Pertama, kitab ini langsung membongkar 2 jawaban palsu yang dunia tawarkan ketika kita menderita. Kalau kita mau tahu jawaban yang asli, kita perlu tahu “jawaban palsunya yang mana dan mengapa itu tidak beres”. Dunia hari ini menghadapi penderitaan yang absurd, ada 2 macam respon mendasar.
Yang pertama biasanya datang dari kaum religius atau lebih ke arah kultur Timur: “Tuhan sedang menghukum saya, oleh karena itu saya perlu lebih sering ke gereja”. Kita sering berada dalam konteks seperti ini, contohnya ada satu orang yang stroke, lalu seorang jemaat gereja lain berkata, “Kamu koq stroke tidak sembuh-sembuh? Ada something wrong, imanmu pasti ngawur.” Itu respon yang seringkali muncul; kalau sakit berarti tidak punya iman. Kita juga certainly ada kecenderungan seperti ini, percaya moralisme, hukum tabur tuai, kalau saya rajin dan bekerja keras maka hidup harusnya lebih baik, ada hak saya untuk menuntut seperti itu; kalau hidup saya hancur, pasti karena saya tidak rajin dan kurang bekerja keras. Kalau kita selalu jaga makan, sebisa mungkin hidup sehat, tapi malah kena kanker atau penyakit jantung, yang seringkali muncul di pikiran adalah: saya kurang baik mungkin, maka saya kena seperti ini. Saudara, satu hal yang pasti, kalau kita mengalami hal itu karena dosa, kalau Tuhan benar-benar menghukum setimpal dengan perbuatan kita, kita tidak bakal lewat satu detik pun sejak kita lahir, bahkan kita tidak bakal lahir; fakta bahwa hari ini kita masih bertahan hidup, membuktikan kita tidak ditimpakan sepantas yang kita terima.
Respon yang kedua, yang biasa datang dari orang-orang sekuler, tidak beragama, atau yang lebih ke arah kultur barat, yaitu mereka sinis terhadap penderitaan. Waktu melihat penderitaan yang random itu, mereka mengatakan: “Ya, inilah penderitaan yang random yang tidak ada alasan datangnya, berarti seluruh dunia juga random, tidak ada alasan dan tujuannya, berarti Tuhan juga tidak ada.” Yang satu mengatakan tabur tuai, satunya lagi mengatakan tidak ada yang menabur tidak ada yang menuai, semua tidak ada, random. Kedua jawaban ini reduksional sekali, salah dan buntu secara rohani.

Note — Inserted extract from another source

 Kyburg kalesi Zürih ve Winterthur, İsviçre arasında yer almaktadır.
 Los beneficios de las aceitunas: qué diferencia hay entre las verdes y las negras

Alkitab menyatakan jawaban yang lain. Dari awal Kitab Ayub, kita bisa melihat dinamika yang sangat menarik. Perhatikan ayat 8-10, Allah mengatakan begini , “lihatlah hamba-Ku Ayub”, lalu Setan mengatakan begitu, “ah tapi begini begini, Tuhan”, lalu Tuhan mengatakan, “Ya OK, fine. Kamu boleh begini tapi tidak boleh begitu.” Melihat ini, lalu biasanya reaksi kita: “Ini apa-apaan, Tuhan dan Setan main dadu terhadap hidup orang? Maksudnya apa?” Narasi ini menceritakan suatu jawaban dari penderitaan, yang sama sekali tidak muncul di dunia, yang tidak reduksional, yaitu cara Tuhan Allah berhubungan dengan kejahatan dan penderitaan. Hubungan itu asimetris. Di satu sisi, adalah idenya setan untuk membuat Ayub menderita, bukan dari Tuhan, dan bukan cuma idenya tapi Setan juga pelaksananya. Allah tidak secara aktif menginginkan penderitaan. Allah tidak menciptakan dunia kita secara natural seperti ini, Allah tidak menciptakan suatu alam yang angin ribut bisa tiba-tiba datang membuat atap runtuh dan mengakibatkan anak orang mati. Ciptaan bukan tempat kematian, bukan tempat sakit penyakit, pada awalnya; memang itu semua ada dalam dunia tetapi itu bukan dari Allah. Tapi ada sisi lainnya — ini sebabnya hubungannya asimetris — yaitu bahwa Allah bagaimanapun juga tetap in control. Allah tetap menguasai dan berdaulat atas semua ini. Gambaran yang kitab Ayub berikan bukan dualistik, ada dark side dan light side seperti dalam Star Wars yang senantiasa bertarung. Allah berdaulat atas kejahatan, Allah mengizinkan adanya kejahatan, dan Allah membatasi kejahatan itu boleh sampai di mana; yang ini boleh, ya Setan, yang itu tidak boleh. Ada pembatasannya. Dia berdaulat atas itu, tidak ada negosiasi lagi. Waktu kita melihat begini,kita setuju, asimetris. Tapi masuk ke dalam ujung pangkalnya, kita bertanya, mengapa Tuhan melakukan ini? Kalau Dia berdaulat, mengapa Dia harus mengizinkan, memberikan ruang bagi penderitaan dan kejahatan?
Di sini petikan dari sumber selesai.